Intellectually I knew that the Chinese had immense control over individual’s lives here, but in reality it is even more pervasive than I could ever imagine. Obviously on the big issues, family planning or free speech, there is total control. But on even the littlest things, the government dictates your life. Take the heat, for example. The city of Beijing (and I think all of northern China) shuts down the heat everywhere on March 15, whether it is 10 degrees outside or not. It is not just my apartment that is cold. You cannot escape the cold. Restaurants, malls, everywhere is the same raw cutting cold. I teach in a brand new gorgeous building, but the classroom is bitter cold. When I asked my students what we can do about it, they shrug and say, “wear warmer clothes”. I am wearing a turtleneck, a polartec fleece and a down parka! Well, as global warming takes center stage, maybe all of us will be living like the Chinese, but I hope not.

I head home and Katie is still out with Celine. Around 4:45 I hear a knock on the apartment door and it is Eve. She has been all over the city looking for food from Yiyang to bring to Katie. Hours on busses trying to find the right stuff. She says she called her mother to tell her about Katie and she and her mother cried. They are so ashamed that girls are abandoned in their city and that they cannot provide for these children. Eve says she is quite poor, but scored #1 in all of Yiyang on the college entrance exam. She must pay her own way at Renmin and has several jobs. She says she loves Thoreau and solitude, and does not love Renmin. It is too crowded, six students to a small dorm room, and she finds the students shallow, not interested in philosophy. She wanted to go to Beijing University but did not have the right “connections”, guangxi.

Katie and Celine arrive and Katie is too enamored with Celine to be sufficiently grateful to Eve, but I insist we oooooh and ahhhh over the Yiyang food: dried fish snacks, bean powder, noodles, and sesame cookies. (The cookies were not bad). I ask Katie if she wants to ask Eve anything about Yiyang or would like to return to Yiyang with Eve. Katie has no questions and does not care if we go to Yiyang. She is clearly not into this self-exploration. Eve leaves and Celine (who we are now calling the Saline Solution) plays with the AC remote and gets the HEAT to come out of the AC!!!! I am jumping up and down with joy. The heat is only in two of the four rooms but I find a fan and try to draw it down to my bedroom and the living room. Amazing what a little warmth can do for one’s disposition. All in all, a really good day.

Thursday.

I was supposed to go into NBC News today to talk about staying through the Olympics but my contact there was sick and cancelled. We’ll try again in a few weeks. I am not terribly optimistic and not completely sure I want to be here that long.

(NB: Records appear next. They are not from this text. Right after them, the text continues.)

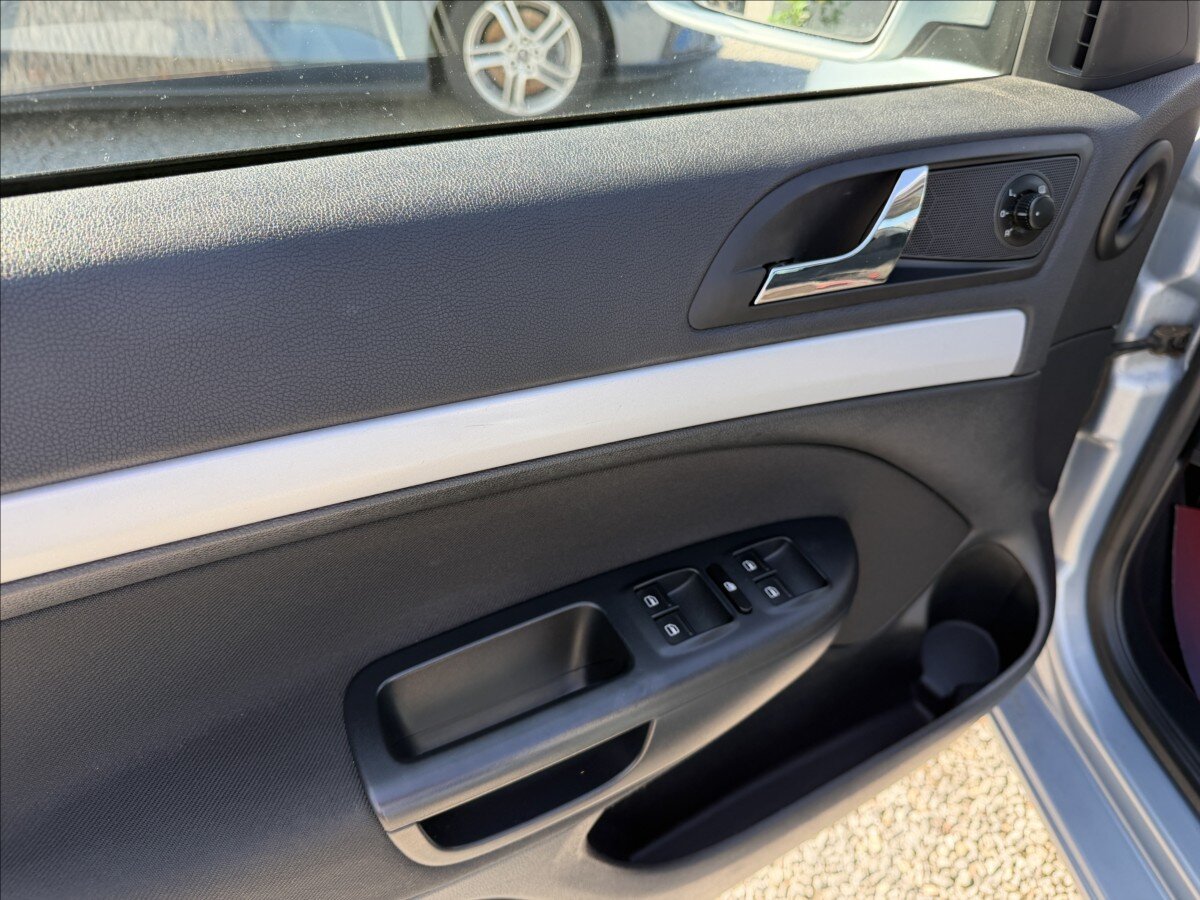 Škoda Octavia Kombi 1,2 l 77 kw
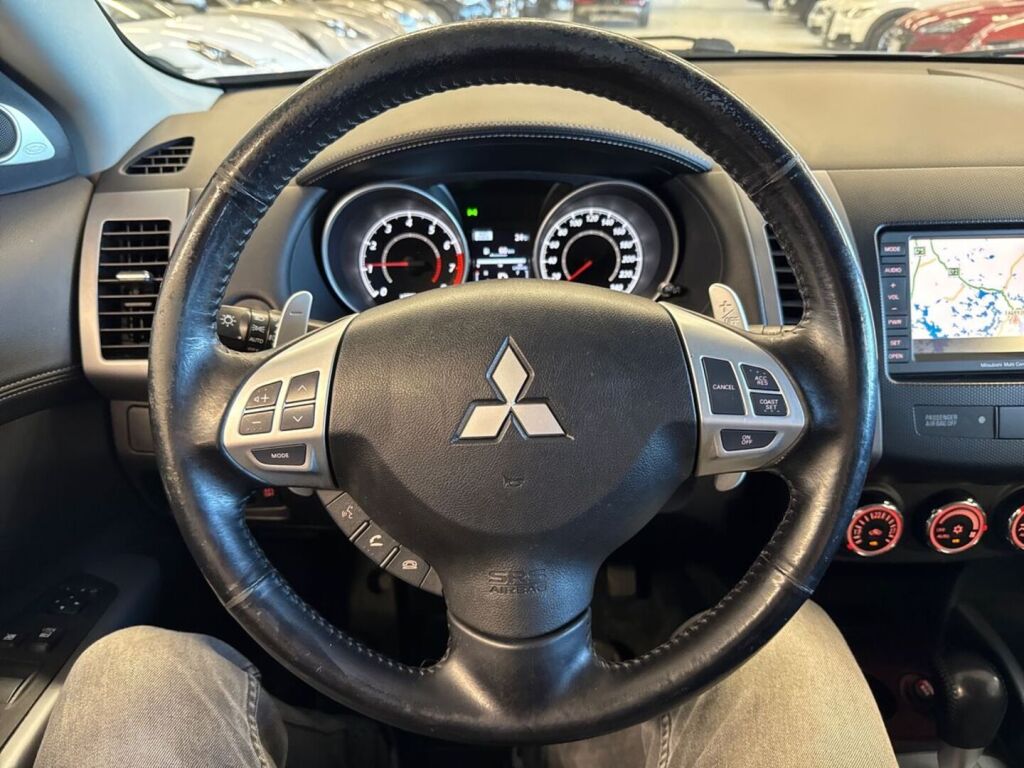 Mitsubishi Outlander 2011 Ruskea (beige)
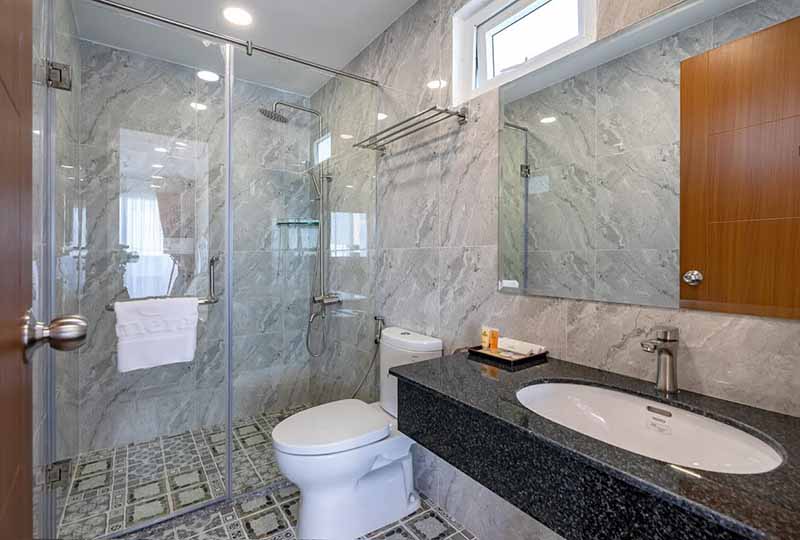 Penthouse for rent in District 3 Saigon with fully furnished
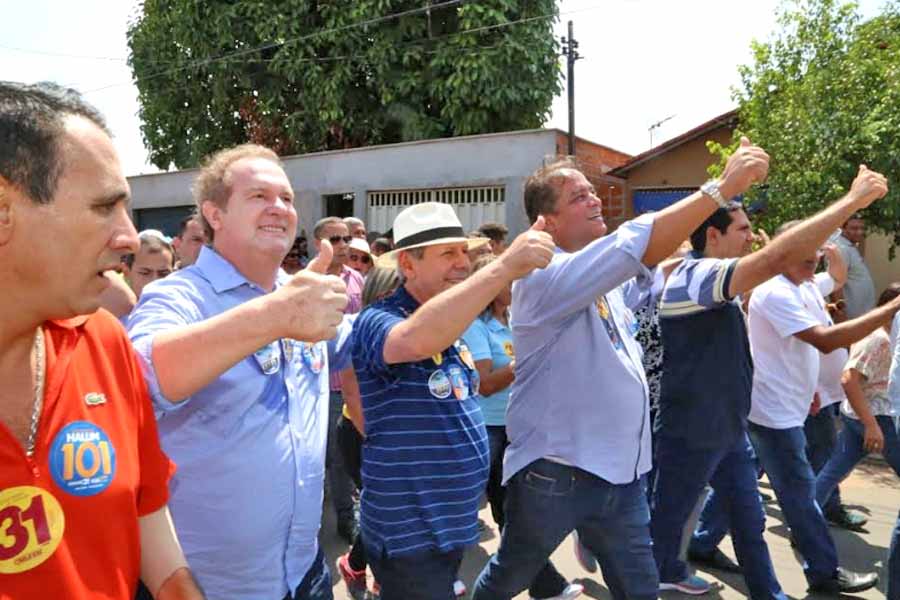 Multidão com Carlesse em Araguaína dá tom da vitória em primeiro turno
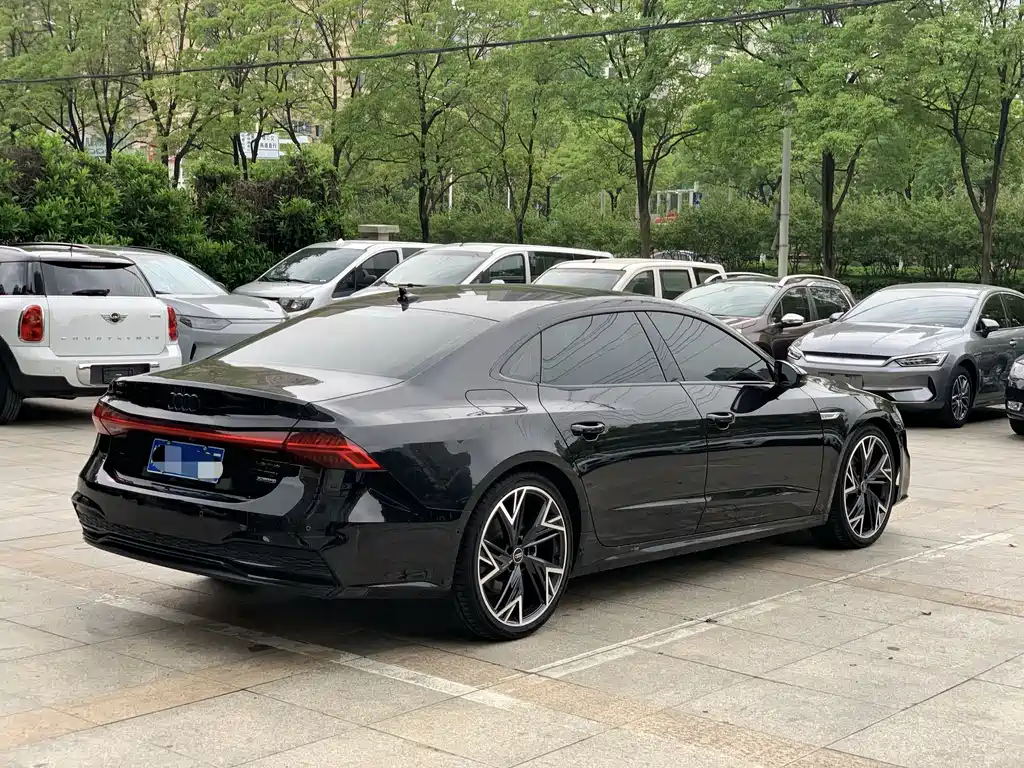 Audi A7L — фото 5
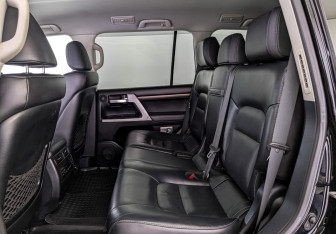 Подержанный автомобиль Toyota Land Cruiser Suv 2016 года (18 фото)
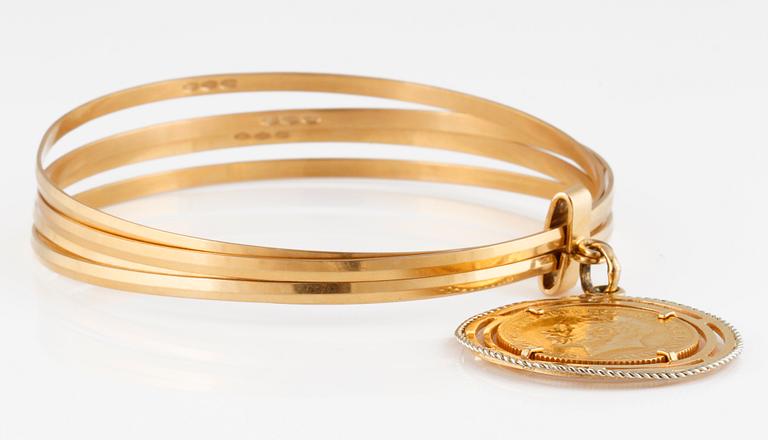 ARMRING, 18K guld med infattat mynt, Arezzo, Italien. Vikt 35,6 gram.
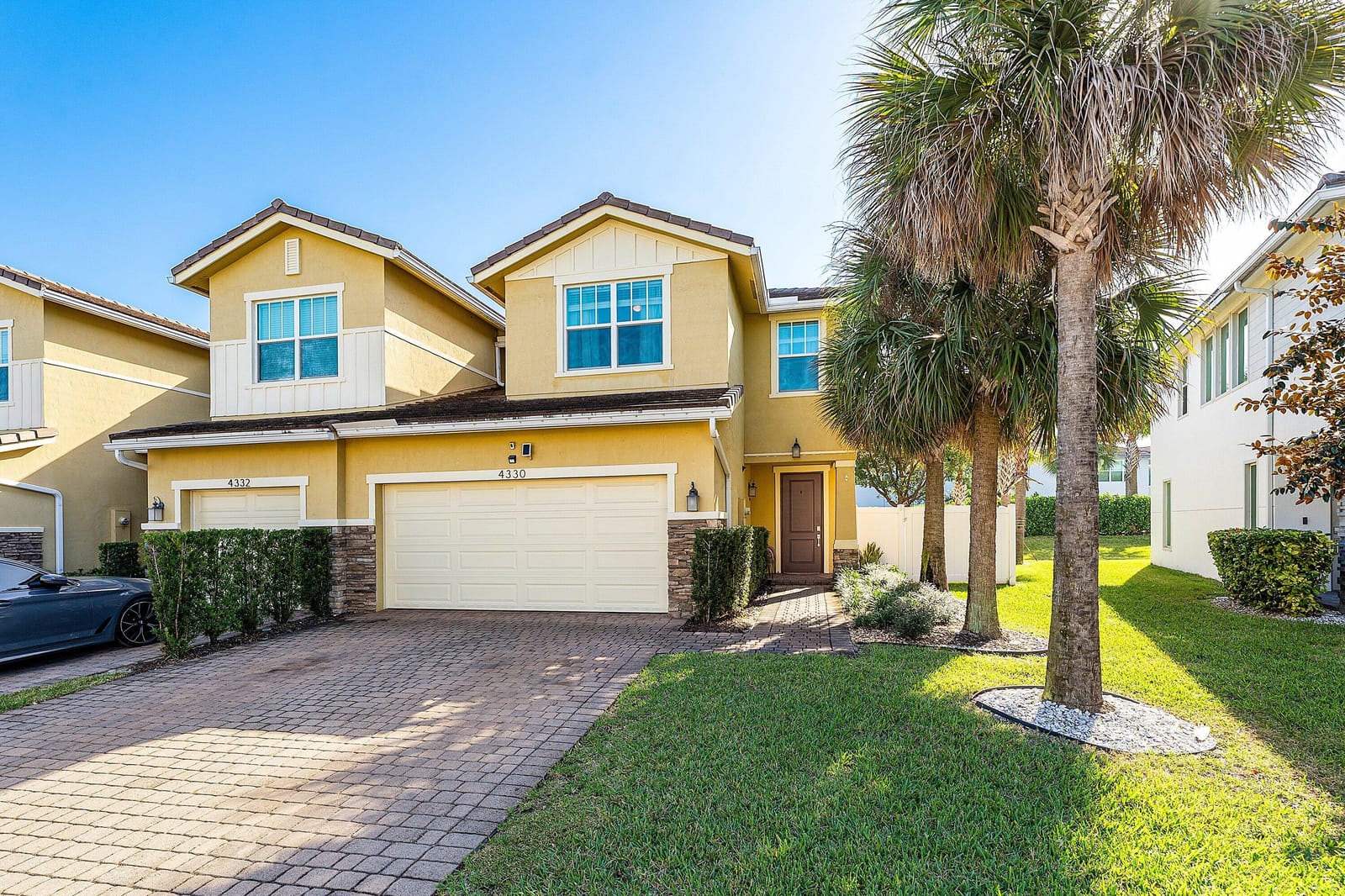 4330 Lago Drive, Deerfield Beach, FL 33064 photo 4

I spend the morning tackling the power point presentation for the four lectures on new media that I’ll give in Shanghai next week. Then I start working on the Murrow – McCarthy lecture for next week’s class. As awful as blacklisting and McCarthyism was, it pales compared to the Chinese experience during that period, and especially the Cultural Revolution of the 1960s. Those days were like McCarthyism-on-steroids. People were beaten and killed for their beliefs here. I wonder how this topic will play with my students. I am trying to drill into them tales of heroic journalists, to inspire them to push the envelope, but given the powerful force they are pushing against and the draconian punishments for those who have pushed, I wonder if I am being hopelessly naïve and idealistic. Hu Jia, a dissident journalist, was sentenced today to several years in jail for his benign attempts at heroic journalism. Case closed.